**Provided entries**.

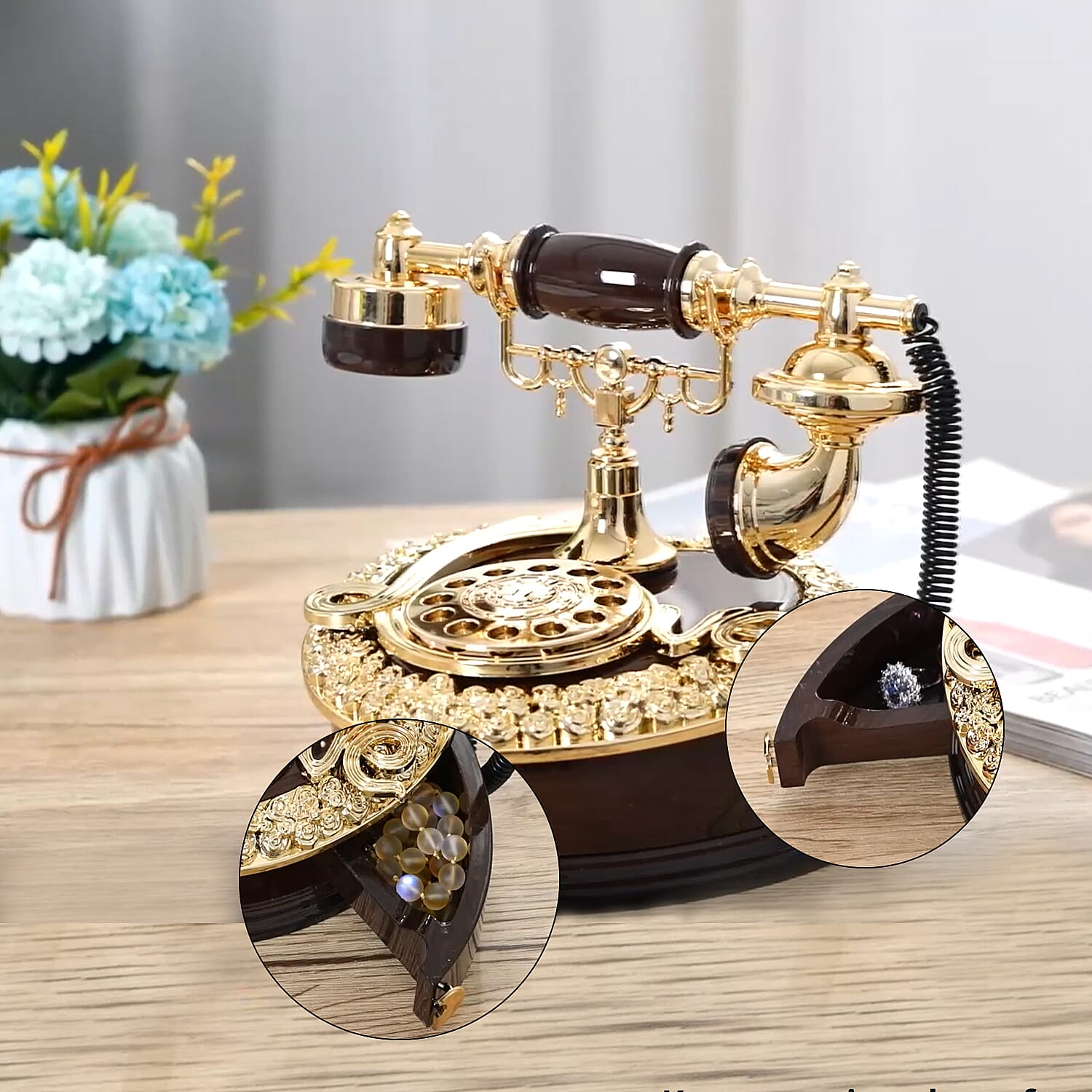 Brown and Gold Retro Telephone Music Box OR Small Jewelry Box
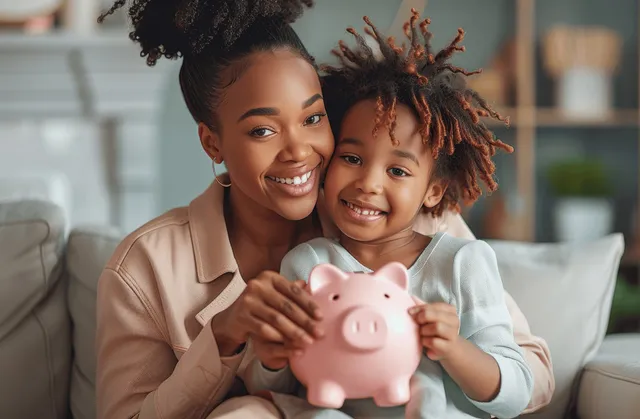 African American mother and daughter smiling while holding a pink piggy bank on sofa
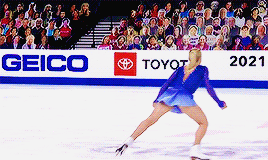 eggplantgifs:Amber Glenn performs her free skate at the 2021 US National Championships, earning 215.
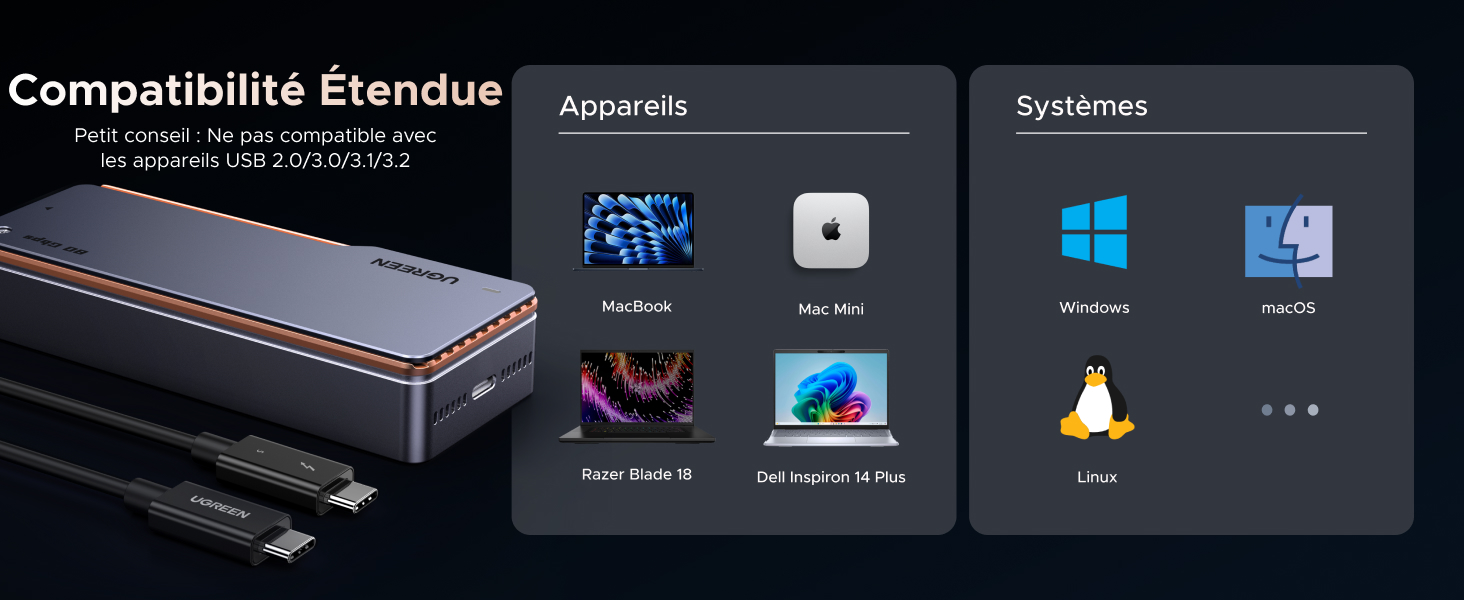 Dispositif SSD externe contenant des informations de compatibilité pour divers systèmes et appareils, notamment Mac, Windows et Linux. Affiche les icônes des plateformes prises en charge.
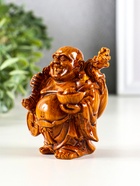 Нэцкэ фигурка полистоун под дерево «Хотей. Богатство», 7.2×6.8×9.2 см - Фото 4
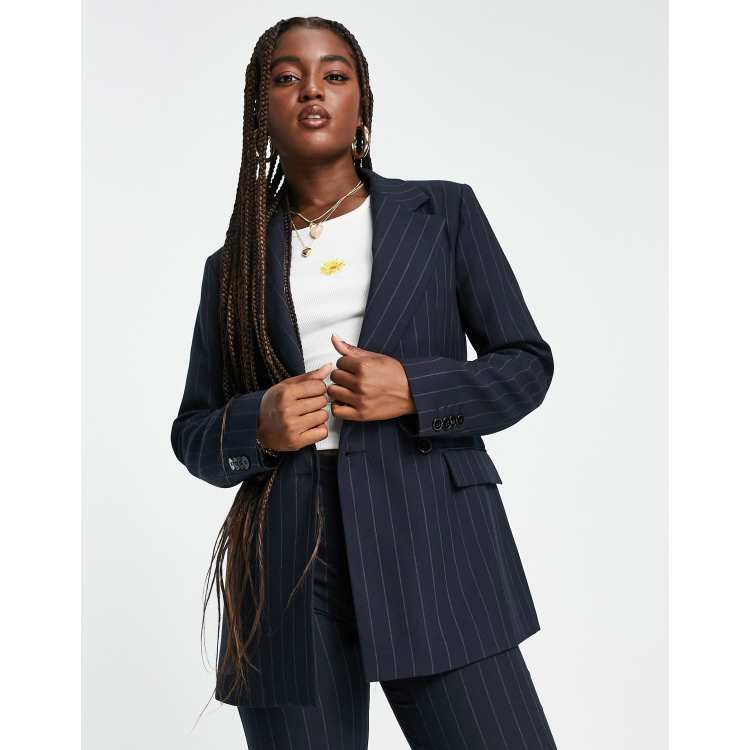 Pull Bear double breasted blazer co ord in pinstripe navy ASOS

**What is expected**.
Having found the line with "African American mother" and the line with "eggplantgifs:Amber Glenn performs" in the material above, write out exactly those two and every line between, leaving the pictures out.

**Output of the exercise**.
 African American mother and daughter smiling while holding a pink piggy bank on sofa
 eggplantgifs:Amber Glenn performs her free skate at the 2021 US National Championships, earning 215.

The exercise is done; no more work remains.